La production de l’Autobianchi A112 Abarth 70HP a duré 10 ans, de 1975 à 1985. Il faut également savoir qu’un restylage important a eu lieu en 1978. Aujourd’hui, les collectionneurs recherchent les versions d’avant 1978, marquées par l’absence totale de plastiques. Malheureusement, il en reste très peu en circulation, car beaucoup ont participé à des rallyes et autres compétitions. On trouve encore des adeptes de l’Autobianchi A112 58HP parce qu’historiquement c’est la première produite. L’Autobianchi A112 70HP est plus amusante, mais tout aussi rare à dénicher. Le fait de posséder une Autobianchi A112 Abarth restylée (1978-1985) reste un moment magique. J’ai la chance d’avoir l’une des dernières produites. L’exemplaire de mon camarade, à côté de nous, montre des différences de quelques mois, puisqu’elle est sortie en mars 1971. On s’amuse à faire l’inventaire de nos détails ! (rires)
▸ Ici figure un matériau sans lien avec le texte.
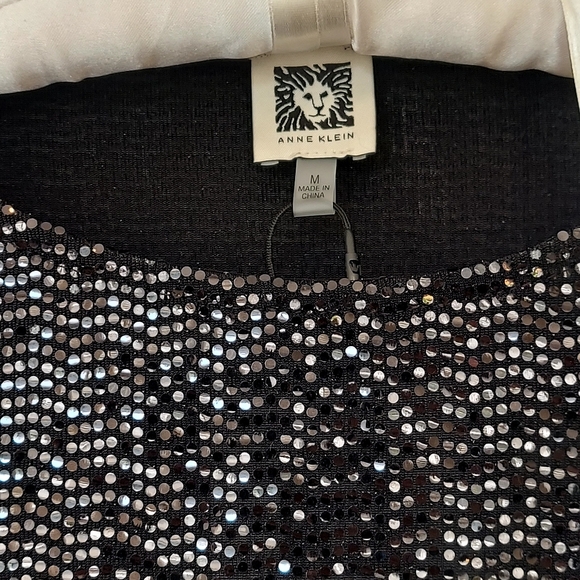 NWT Anne Klein Black Sequin Women's Top Bell Sleeve SZ M - Picture 10 of 14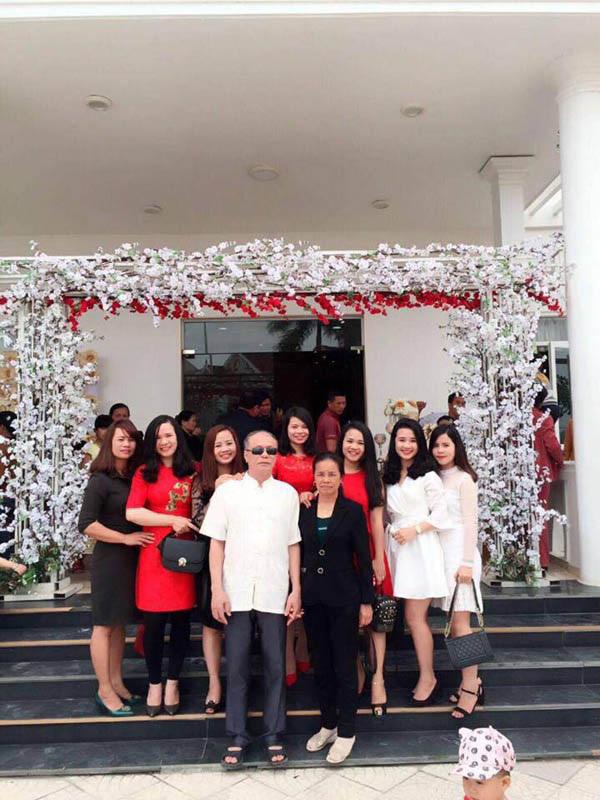 HOT nhất MXH chiều nay: 4 chị em ruột ở Nghệ An khiến người xem kinh ngạc khi khoe ảnh cùng nhau mang bầu-5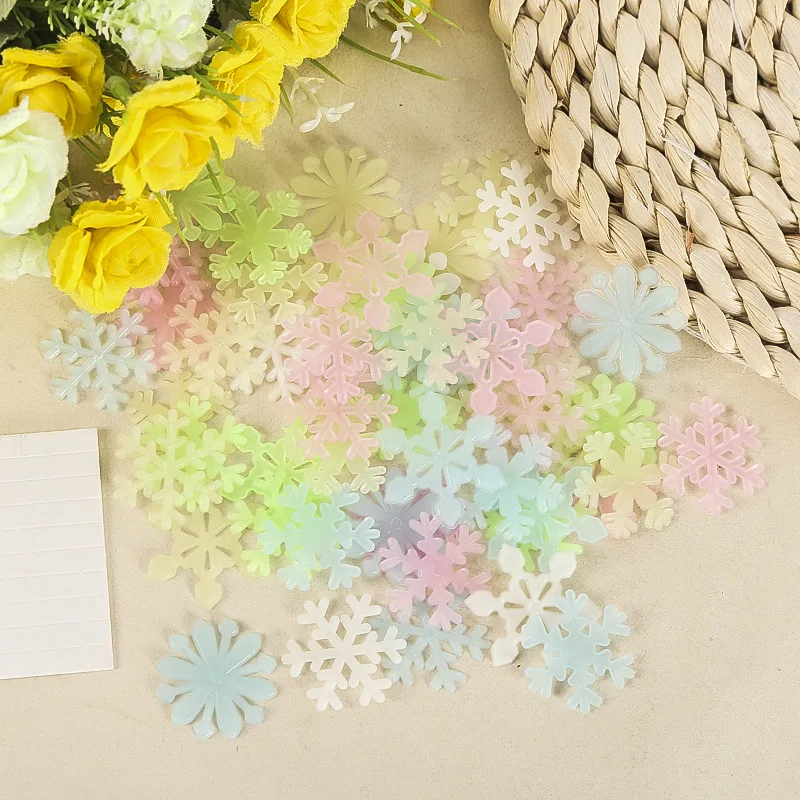 50 шт./пакет 3 см светится в темноте игрушки светящиеся наклейки снежинки Спальня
Actuellement, combien d’exemplaires restent-ils en circulation ?
On ne peut donner aucun chiffre précis, mais il existe le “Registro Autobianchi” qui enregistre le nombre de véhicules écoulés. Cependant, les propriétaires n’ont pas forcément le réflexe de le faire. Le recensement est plus qu’incomplet, compte tenu que seuls les véritables collectionneurs de l’Autobianchi vont avoir le reflex de faire cette démarche. En France, on peut le savoir grâce aux statistiques réalisées via le contrôle technique. Certains roulent tellement peu que les dates de ce contrôle sont dépassées !


Peux-on dire que l’Autobianchi A112 est la dernière véritable Autobianchi malgré qu’un dernier modèle fut lancé en 1985 sous le nom de Lancia Y10 ?
Dans un sens, oui, car, après celle-ci, il n’y a rien eu. Au lancement de l’Autobianchi A112, l’Autobianchi Primula et l’Autobianchi A111 étaient déjà commercialisées, mais elles n’ont pas eu la même carrière. Parallèlement, beaucoup d’A112 ont été rebadgées Lancia compte tenu de son appartenance au groupe Fiat. Théoriquement, il s’agit de l’avant-dernière et la plus emblématique. Sa petite sœur, la Lancia Y10, est considérée comme une youngtimer contrairement aux Autobianchi A112 qui ont forcément plus de 30 ans.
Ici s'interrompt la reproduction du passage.